六条御息所
彩芽はカルチャースクールで知り合った男性、磐根から、アプローチされた。
でも、お断りをした。お友達認識でしか無く、その先は考えられなかったから。
これまで仲良く和気藹々と、彼を含め、教室仲間同士、楽しんでいたのだが、
彼の切ない熱い視線に、何となく気不味くなって、教室もすぐにやめてしまった。
するとその直後から毎晩、巌根の生き霊、が来るようになった。
何故、巌根って判るのか?それは、
匂いもするし、声も聞こえる。
耳元で
何で僕じゃダメなんだぁ。。
と囁かれ、
身体を押さえつけられ、身体をまさぐられる。
彼の身体の重みも、触られている感覚も、ある。
嫌!
意識はクリアで、どんなに嫌でも、彼に身体は押さえつけられ、金縛りにあったように動けない。
そのくせに身体は揺さぶられるのだ、耳に彼の吐息を感じ、彼の臭いに包まれ、
なされるがままに。。
彼が果てるまで‥
彩芽は、ただ、ベッドに横たわっていた。
幾晩も。。
あまりに怖くて、これではいけないと思い、
本屋さんのスピリチュアルコーナーで見つけた本に載っていた結界のおまじないを、試行してみた。

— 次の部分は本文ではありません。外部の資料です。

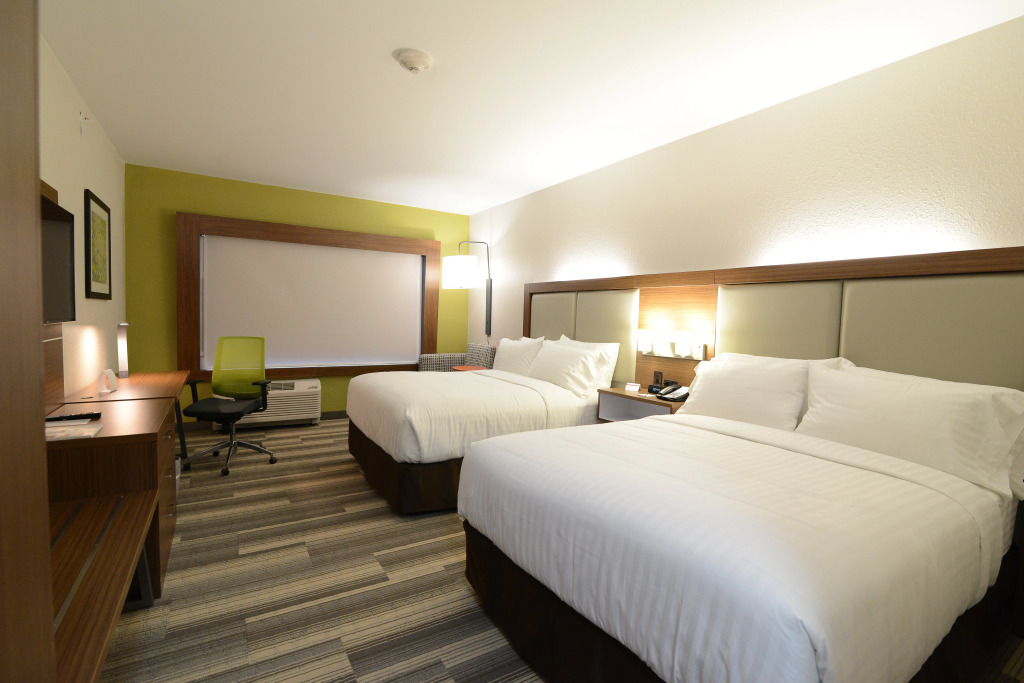 Holiday Inn Express & Suites Chicago North Shore - Niles by IHG
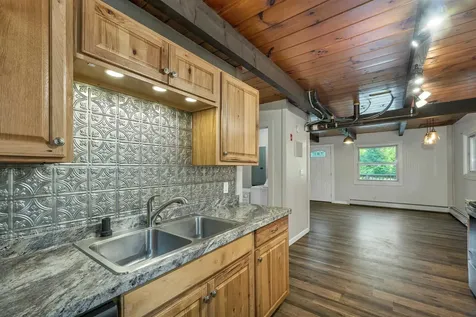 21 Birch Tree Lane Hillsborough NH 03244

幸いな事に、効果があって、その晩、生き霊は来ず、安眠。
そして無事、朝を迎えた。
それ以後、巌根は来なくなったから、彩芽は心の底からホッとした。
それにしても、生き霊、怖い。
声も、匂いも、重さも、身体の感触まで、存在している。
源氏物語の六条御息所は生き霊になって、夕顔の君、葵上、2人も殺している。
学校の古典授業で習った時は、何を言ってるんだ?物語って変、という感想を持ったのだが、生き霊を体感してしまったからには、
平安時代の人たちの考え方は、本質をついているのでは?と思うようになった。
とにかく、殺されなくて良かった。。
六条御息所に取り殺された葵上、ならぬ、巌根に取り憑かれる「アヤメの上」になってしまうところだったよ。。
死ななかったけど、これはある種のレイプ(相手は無意識だけど、、)
それは良いの?
否、良く無いよね。。
でも死ぬより良いのか。。
と、微妙で究極な選択に、思うところアリの彩芽であった。